- [Exercise]
For this task, extract exactly the lines of the data below, from the line containing "Industrial Starter Pantalones" through the last one, with pictures left out.

- [Records for the exercise]
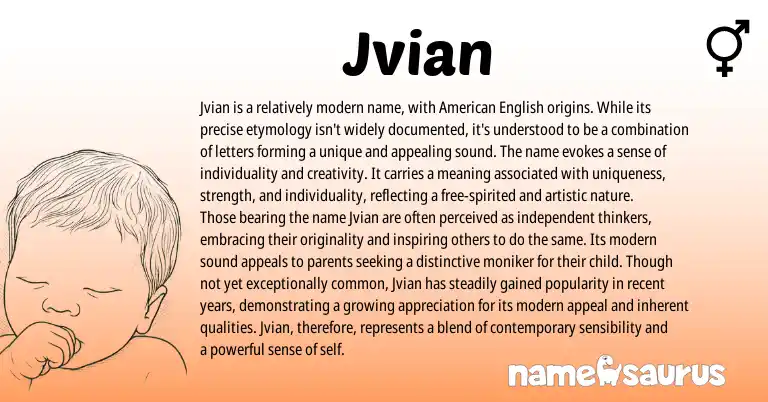 Infographic about Jvian name meaning, Jvian is a name from Other origin(s).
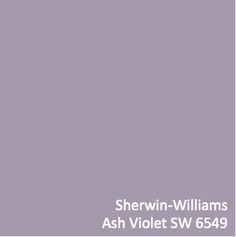 an image of the cover of sherylin - williams's ash violet sw 569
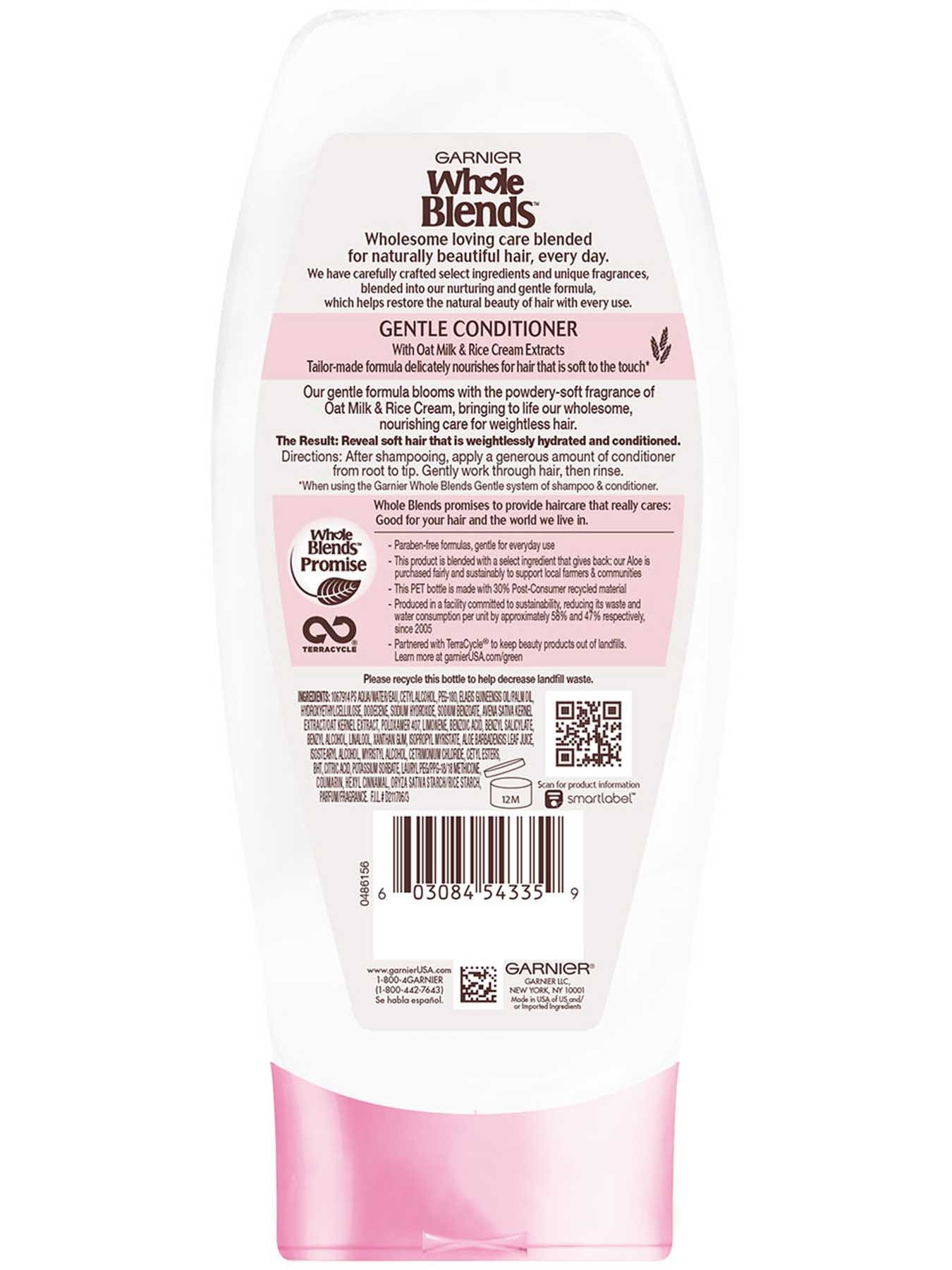 Back view of Oat Delicacy Gentle Conditioner.
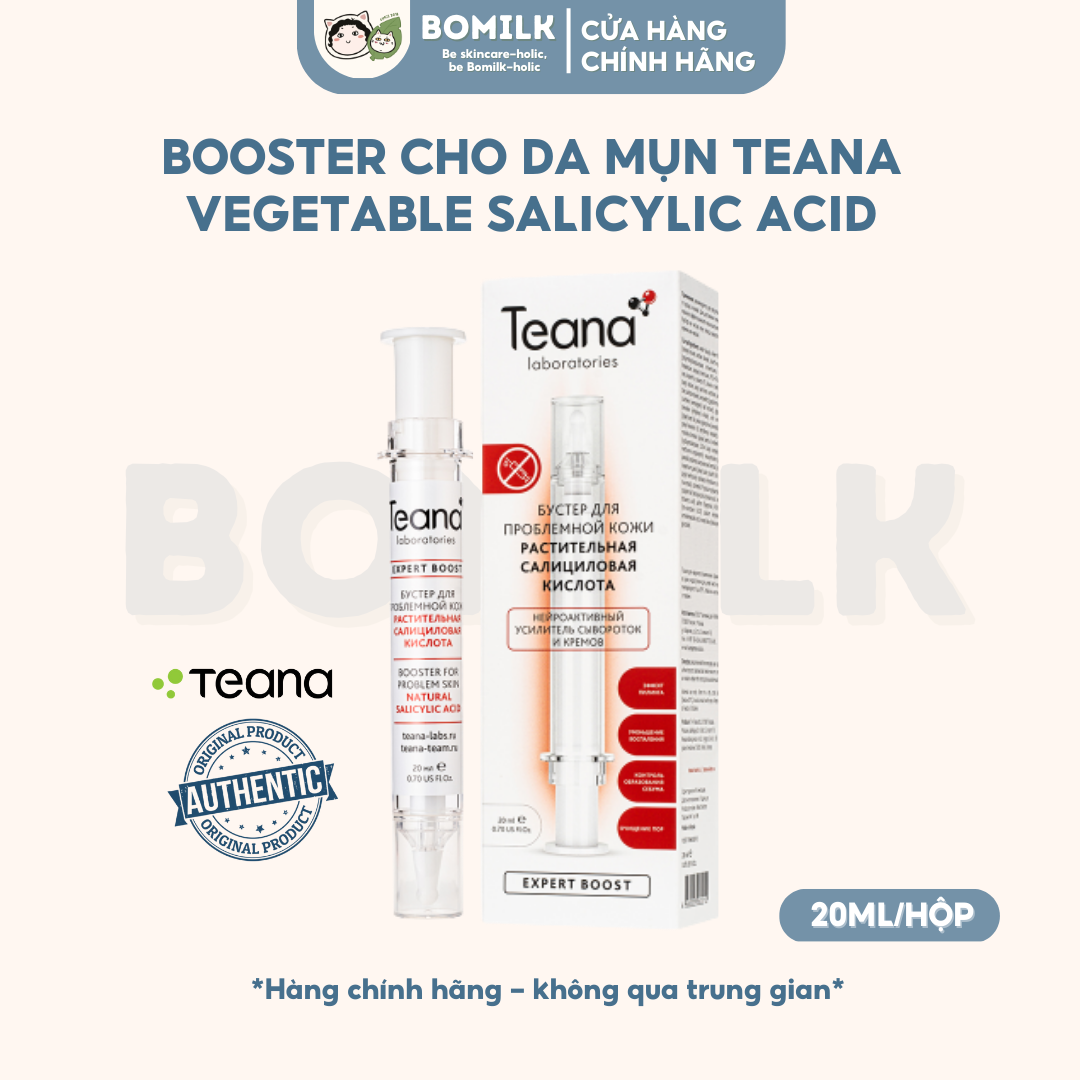 (DATE 10/24) Serum booster Teana Vegetable Salicylic acid - ngừa mụn, làm sạch & kiềm dầu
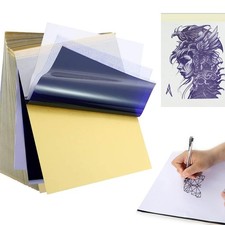 50pcs Tattoo Stencil Transfer Paper, Professional Tattoo Supplies for Artists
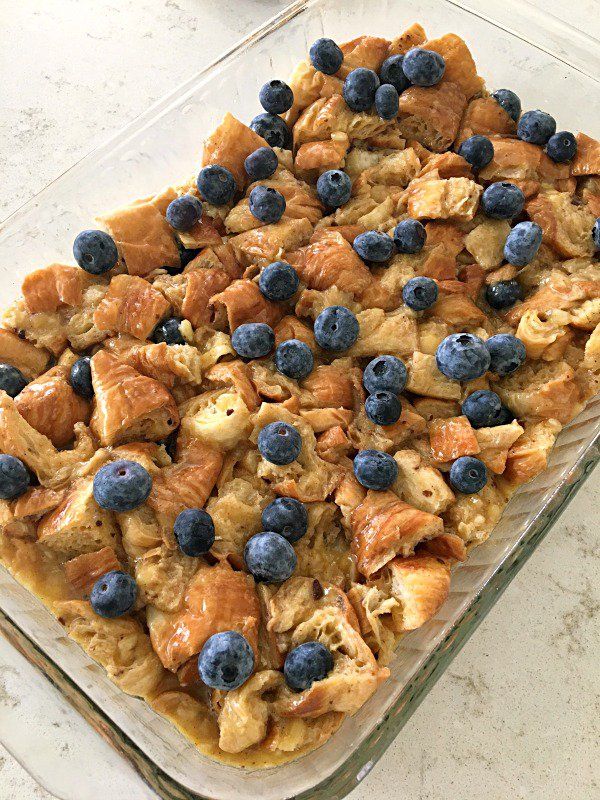 Blueberry Croissant Breakfast Bake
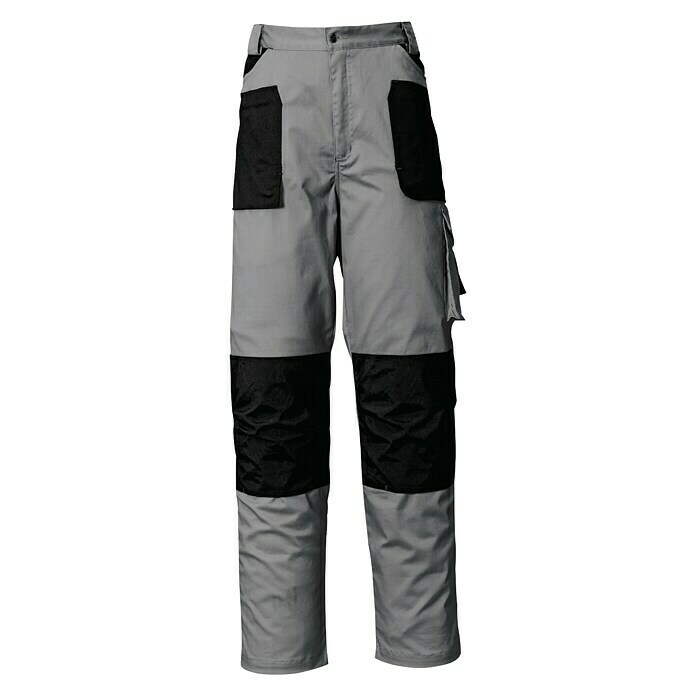 Industrial Starter Pantalones de trabajo Stretch (L, Gris/Negro, Algodón: 97%, Spandex: 3%)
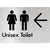 Unisex Toilet with Large Arrow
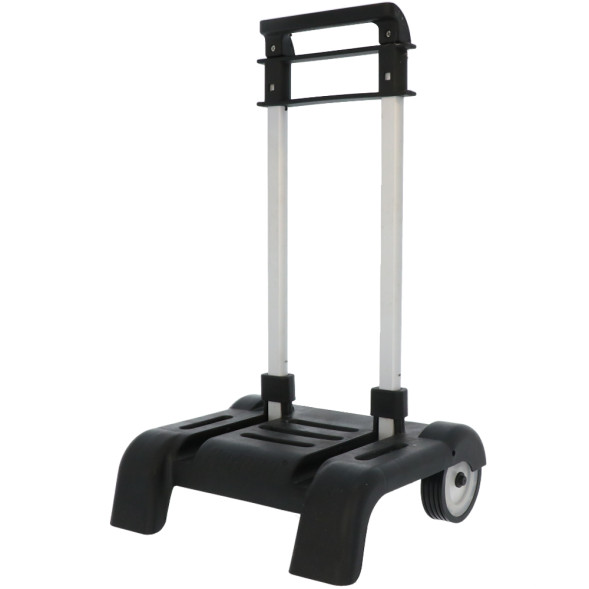 Trolley with casters Perona black for backpack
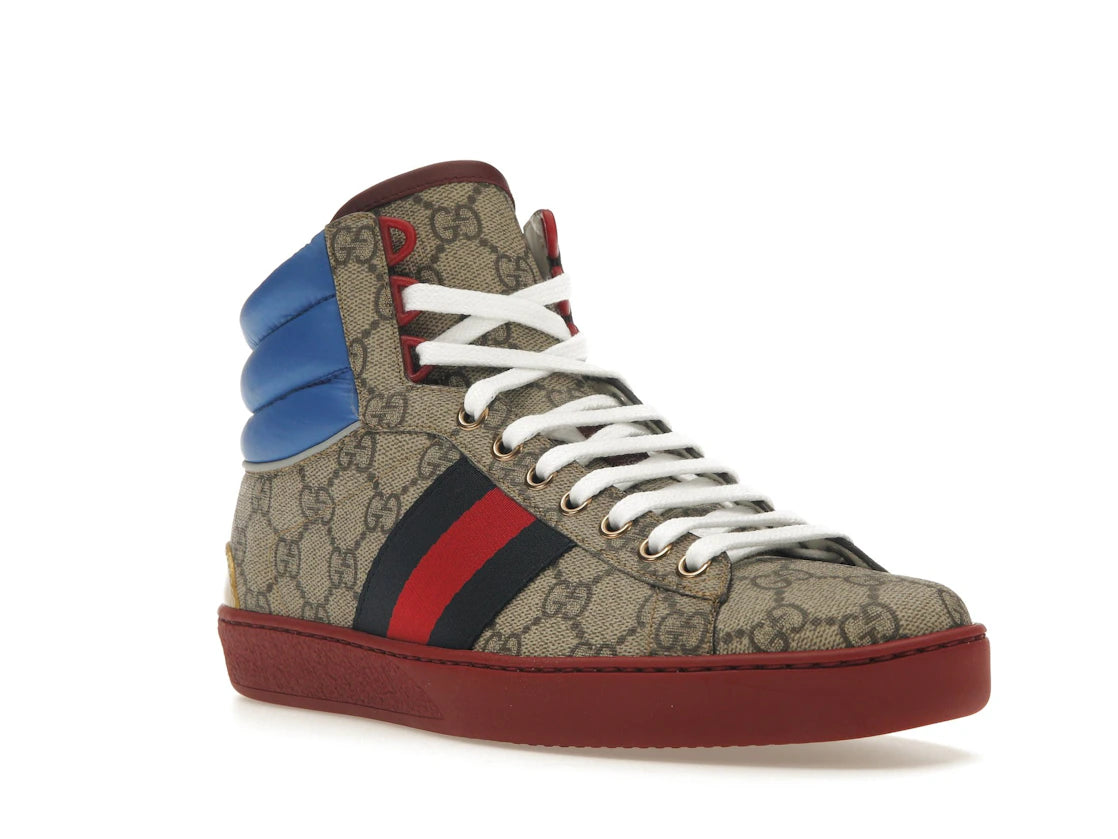 Gucci Ace GG High Top Beige Ebony - vue secondaire A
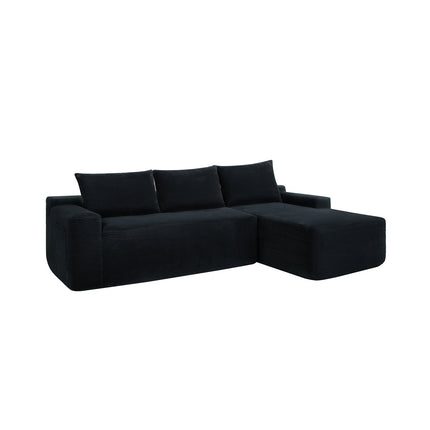 Cloud L-Shaped Corduroy Sectional Sofa with Chaise Lounge
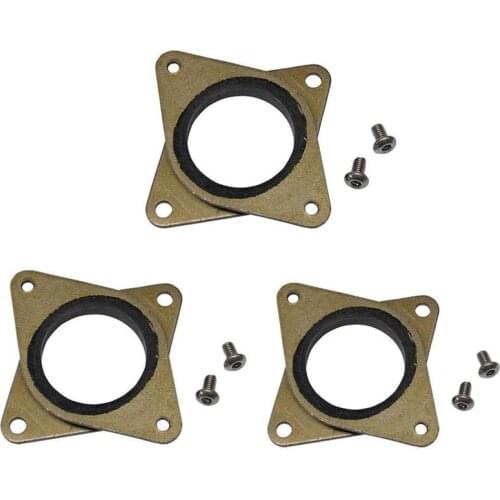 Upgraded NEMA 17 Stepper Steel and Rubber Vibration Dampers with M3 Screw -CNC for 3D Printer Creality CR-10, CR-10S, Ender 3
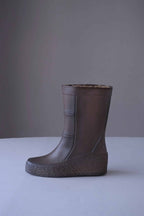 Brown rubber AIGLE Vintage Snow Boots shot from the side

- [Problem solution]
 Industrial Starter Pantalones de trabajo Stretch (L, Gris/Negro, Algodón: 97%, Spandex: 3%)
 Unisex Toilet with Large Arrow
 Trolley with casters Perona black for backpack
 Gucci Ace GG High Top Beige Ebony - vue secondaire A
 Cloud L-Shaped Corduroy Sectional Sofa with Chaise Lounge
 Upgraded NEMA 17 Stepper Steel and Rubber Vibration Dampers with M3 Screw -CNC for 3D Printer Creality CR-10, CR-10S, Ender 3
 Brown rubber AIGLE Vintage Snow Boots shot from the side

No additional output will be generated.